Yeah we all converge to the same workflow, in my ai coding agent I'm working on now, I've added an "index" tool that uses tree-sitter to compress and show the AI a skeleton of a code file.
Here's the implementation for the interested: https://github.com/tontinton/maki/blob/main/maki-code-index%...
Oh, that's great.
I've always wanted to explore how to fit tree-sitter into this workflow. It's great to know that this works well too.
Thanks for sharing the code.
(Here is the AIPack runtime I built, MIT: https://github.com/aipack-ai/aipack), and here is the code for pro@coder (https://github.com/aipack-ai/packs-pro/tree/main/pro/coder) (AIPack is in Rust, and AI Packs are in md / lua)
It seems like a very good use of LLMs. You should write a blog post with detail of your process with examples for people who are not into all AI tools as much. I only use Web UI. Lots of what you are saying is beyond me, but it does sound like clever strategy.
I think you've kind of hit on the more successful point here, which is that you should be keeping things focused in a sufficiently focused area to have better success and not necessarily needing more context.
This is really interesting; ive done very high level code maps but the entire project seems wild, it works?
So, small model figures out which files to use based on the code map, and then enriches with snippets, so big model ideally gets preloaded with relevant context / snippets up front?

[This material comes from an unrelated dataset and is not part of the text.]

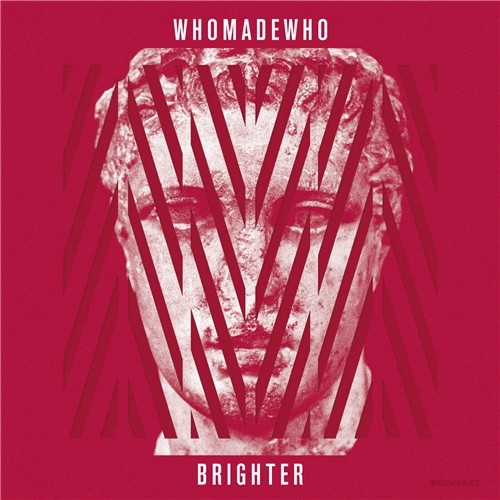 WhoMadeWho – 'Brighter'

Where does code map live? Is it one big file?
So, I have a pro@coder/.cache/code-map/context-code-map.json.
I also have a `.tmpl-code-map.jsonl` in the same folder so all of my tasks can add to it, and then it gets merged into context-code-map.json.

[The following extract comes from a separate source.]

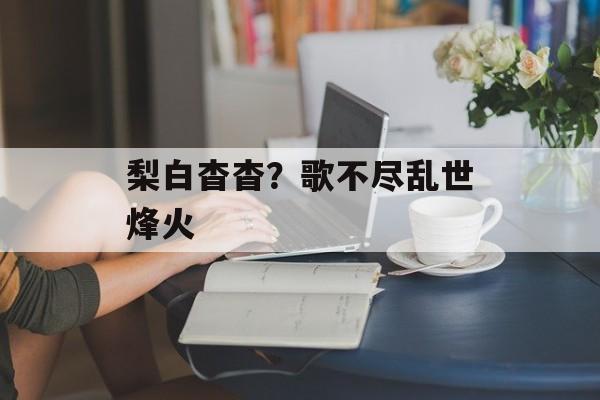 梨白杳杳？歌不尽乱世烽火-第1张图片-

I keep mtime, but I also compute a blake3 hash, so if mtime does not match, but it is just a "git restore," I do not redo the code map for that file. So it is very incremental.

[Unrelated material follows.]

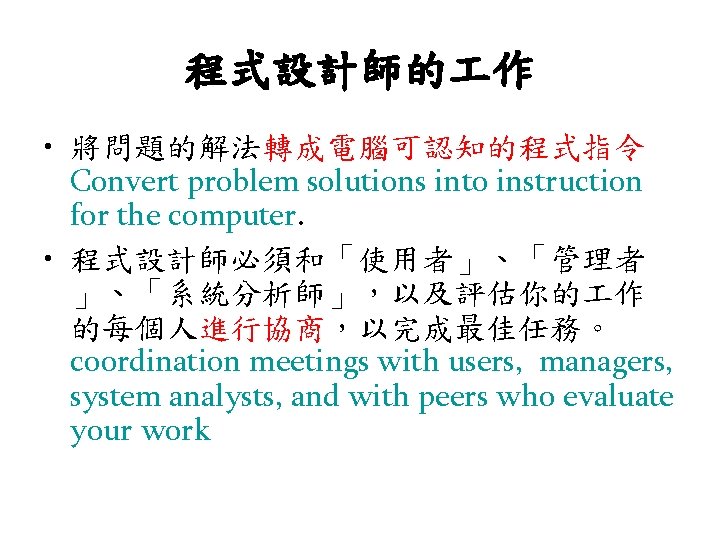 程式設計師的 作 • 將問題的解法轉成電腦可認知的程式指令 Convert problem solutions into instruction for the computer. • 程式設計師必須和「使用者」、「管理者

Then the trick is, when sending the code map to AI, I serialize it in a nice, simple markdown format.
- path/to/file.rs - summary: ... - when to use: ... - public types: .., .., .. - public functions: .., .., ..
- ...
So the AI does not have to interpret JSON, just clean, structured markdown.
Funny, I worked on this addition to my tool for a week, planning everything, but even today, I am surprised by how well it works.
I have zero sed/grep in my workflow. Just this.
My prompt is pro@coder/coder-prompt.md, the first part is YAML for the globs, and the second part is my prompt.
There is a TUI, but all input and output are files, and the TUI is just there to run it and see the status.
Your code map compresses signal on the context side. Same principle applies on the prompt side: prompts that front-load specifics (file, error, expected behavior) resolve in 1-2 turns. Vague ones spiral into 5-6. 1M context doesn't change that — it just gives you more room for the spiral.
whenever I see post like this
i said well yeah, but its too sophiscated to be practical
Fair point, but because I spent a year building and refining my custom tool, this is now the reality for all of my AI requests.
I prompt, press run, and then I get this flow: dev setup (dev-chat or plan) code-map (incremental 0s 2m for initial) auto-context (~20s to 40s) final AI query (~30s to 2m)
For example, just now, in my Rust code (about 60k LOC), I wanted to change the data model and brainstorm with the AI to find the right design, and here is the auto-context it gave me:
- Reducing 381 context files ( 1.62 MB)
- Now 5 context files ( 27.90 KB)
- Reducing 11 knowledge files ( 30.16 KB)
- Now 3 knowledge files ( 5.62 KB)
The knowledge files are my "rust10x" best practices, and the context files are the source files.
(edited to fix formatting)
It's not sophisticated at all, he just uses a model to make some documentation before asking another model to work using the documentation
very interested in this approach and many other people are for sure. Please do a blog post.
1M context is super useful with Gemini, not so much for coding, but for data analysis.
Even there, I use AI to augment rows and build the code to put data into Json or Polars and create a quick UI to query the data.